### Listed entries

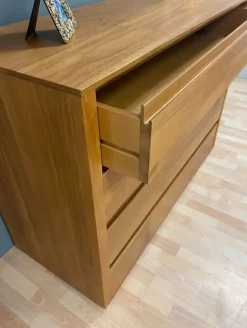 Comodino Albi di Artigianale scontato del 69%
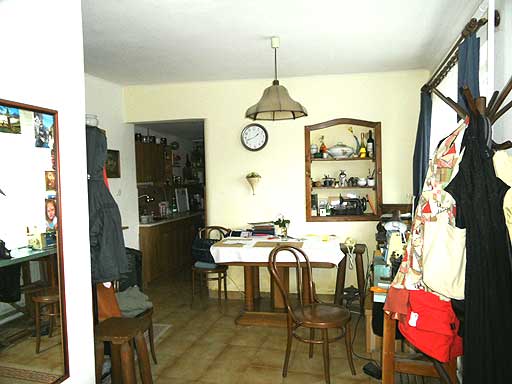 Szentendre - Felfüggesztve - Családiház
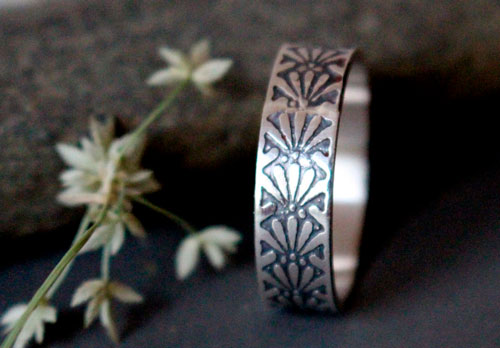 Dahlia, engraved flower ring in sterling silver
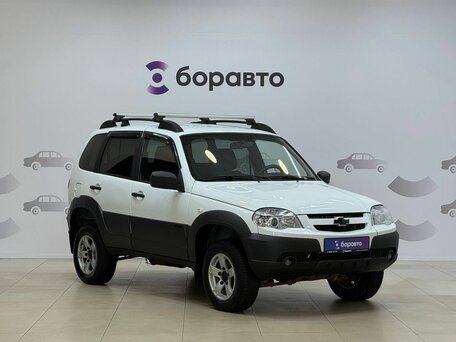 2019 Chevrolet Niva I Рестайлинг, белый, 800000 рублей, вид 3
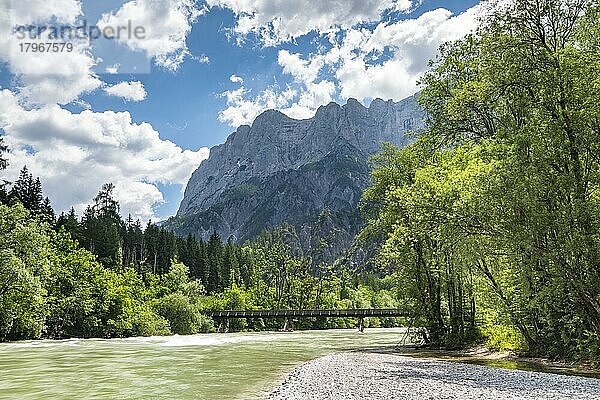 Fluss Enns  Gipfel der Hochtorgruppe  Nationalpark Gesäuse  Steiermark  Österreich  Europa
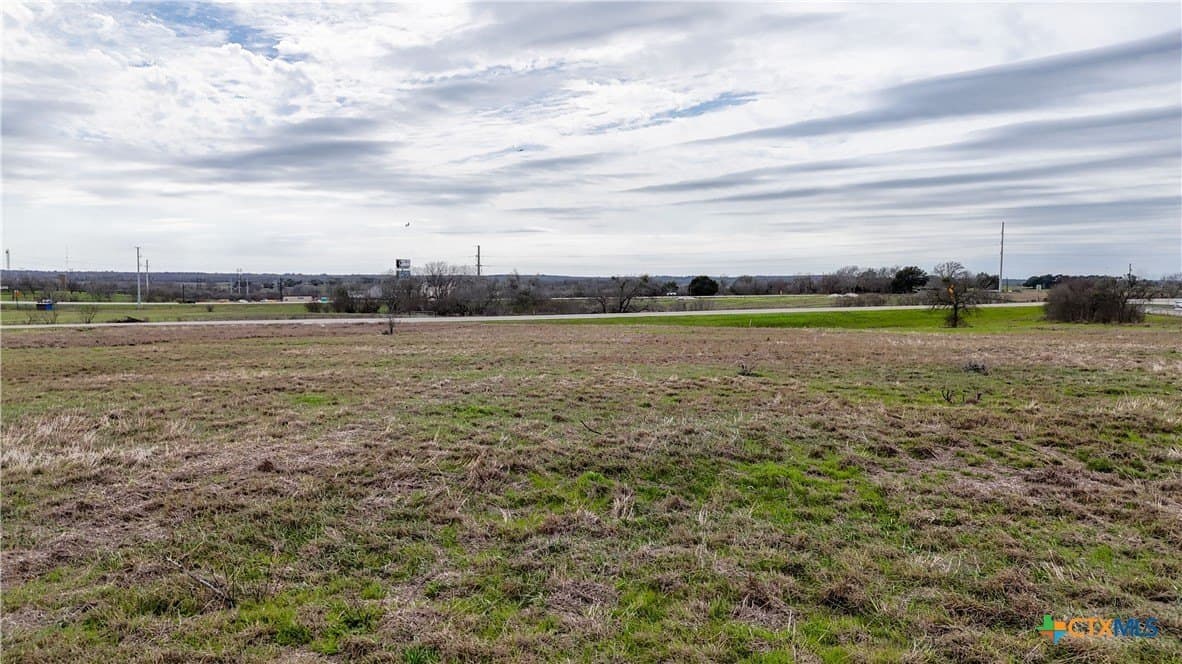 4.27 acres in Gonzales County - photo 20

######

Without the pictures, reproduce the entries exactly.

 Comodino Albi di Artigianale scontato del 69%
 Szentendre - Felfüggesztve - Családiház
 Dahlia, engraved flower ring in sterling silver
 2019 Chevrolet Niva I Рестайлинг, белый, 800000 рублей, вид 3
 Fluss Enns  Gipfel der Hochtorgruppe  Nationalpark Gesäuse  Steiermark  Österreich  Europa
 4.27 acres in Gonzales County - photo 20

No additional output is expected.